**INSTRUCTIONS TO FOLLOW:**
Output the full listing again without altering anything.
▬▬▬
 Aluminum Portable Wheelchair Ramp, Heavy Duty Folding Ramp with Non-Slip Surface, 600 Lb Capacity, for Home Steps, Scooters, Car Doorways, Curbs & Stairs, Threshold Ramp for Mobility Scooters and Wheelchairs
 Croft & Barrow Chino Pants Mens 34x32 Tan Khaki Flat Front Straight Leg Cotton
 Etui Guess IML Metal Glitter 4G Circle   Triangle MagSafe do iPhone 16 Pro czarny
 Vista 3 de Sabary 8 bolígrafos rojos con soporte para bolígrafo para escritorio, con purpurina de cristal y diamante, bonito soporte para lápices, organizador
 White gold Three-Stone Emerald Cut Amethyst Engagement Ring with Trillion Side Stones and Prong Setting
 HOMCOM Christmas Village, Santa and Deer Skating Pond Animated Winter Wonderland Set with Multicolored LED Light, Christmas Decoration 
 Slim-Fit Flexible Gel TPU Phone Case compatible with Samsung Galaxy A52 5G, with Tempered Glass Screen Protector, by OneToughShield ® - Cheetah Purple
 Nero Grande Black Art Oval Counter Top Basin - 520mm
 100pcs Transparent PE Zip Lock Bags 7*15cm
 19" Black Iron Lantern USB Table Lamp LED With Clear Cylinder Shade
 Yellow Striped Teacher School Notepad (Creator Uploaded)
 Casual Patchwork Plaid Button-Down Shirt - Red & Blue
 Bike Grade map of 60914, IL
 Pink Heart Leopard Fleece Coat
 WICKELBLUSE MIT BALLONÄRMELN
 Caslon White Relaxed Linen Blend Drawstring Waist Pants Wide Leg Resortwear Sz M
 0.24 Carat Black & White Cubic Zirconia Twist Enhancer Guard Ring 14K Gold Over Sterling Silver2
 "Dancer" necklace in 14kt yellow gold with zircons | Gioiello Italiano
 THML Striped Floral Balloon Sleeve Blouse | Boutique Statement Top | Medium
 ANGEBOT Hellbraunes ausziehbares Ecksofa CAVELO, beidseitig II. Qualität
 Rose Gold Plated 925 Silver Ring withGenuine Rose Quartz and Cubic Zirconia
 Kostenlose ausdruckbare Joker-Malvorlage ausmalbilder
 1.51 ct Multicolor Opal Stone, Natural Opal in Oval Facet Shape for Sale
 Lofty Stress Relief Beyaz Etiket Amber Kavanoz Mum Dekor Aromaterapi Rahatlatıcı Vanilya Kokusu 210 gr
▬▬▬
**EXERCISE ANSWER:**
 Aluminum Portable Wheelchair Ramp, Heavy Duty Folding Ramp with Non-Slip Surface, 600 Lb Capacity, for Home Steps, Scooters, Car Doorways, Curbs & Stairs, Threshold Ramp for Mobility Scooters and Wheelchairs
 Croft & Barrow Chino Pants Mens 34x32 Tan Khaki Flat Front Straight Leg Cotton
 Etui Guess IML Metal Glitter 4G Circle   Triangle MagSafe do iPhone 16 Pro czarny
 Vista 3 de Sabary 8 bolígrafos rojos con soporte para bolígrafo para escritorio, con purpurina de cristal y diamante, bonito soporte para lápices, organizador
 White gold Three-Stone Emerald Cut Amethyst Engagement Ring with Trillion Side Stones and Prong Setting
 HOMCOM Christmas Village, Santa and Deer Skating Pond Animated Winter Wonderland Set with Multicolored LED Light, Christmas Decoration 
 Slim-Fit Flexible Gel TPU Phone Case compatible with Samsung Galaxy A52 5G, with Tempered Glass Screen Protector, by OneToughShield ® - Cheetah Purple
 Nero Grande Black Art Oval Counter Top Basin - 520mm
 100pcs Transparent PE Zip Lock Bags 7*15cm
 19" Black Iron Lantern USB Table Lamp LED With Clear Cylinder Shade
 Yellow Striped Teacher School Notepad (Creator Uploaded)
 Casual Patchwork Plaid Button-Down Shirt - Red & Blue
 Bike Grade map of 60914, IL
 Pink Heart Leopard Fleece Coat
 WICKELBLUSE MIT BALLONÄRMELN
 Caslon White Relaxed Linen Blend Drawstring Waist Pants Wide Leg Resortwear Sz M
 0.24 Carat Black & White Cubic Zirconia Twist Enhancer Guard Ring 14K Gold Over Sterling Silver2
 "Dancer" necklace in 14kt yellow gold with zircons | Gioiello Italiano
 THML Striped Floral Balloon Sleeve Blouse | Boutique Statement Top | Medium
 ANGEBOT Hellbraunes ausziehbares Ecksofa CAVELO, beidseitig II. Qualität
 Rose Gold Plated 925 Silver Ring withGenuine Rose Quartz and Cubic Zirconia
 Kostenlose ausdruckbare Joker-Malvorlage ausmalbilder
 1.51 ct Multicolor Opal Stone, Natural Opal in Oval Facet Shape for Sale
 Lofty Stress Relief Beyaz Etiket Amber Kavanoz Mum Dekor Aromaterapi Rahatlatıcı Vanilya Kokusu 210 gr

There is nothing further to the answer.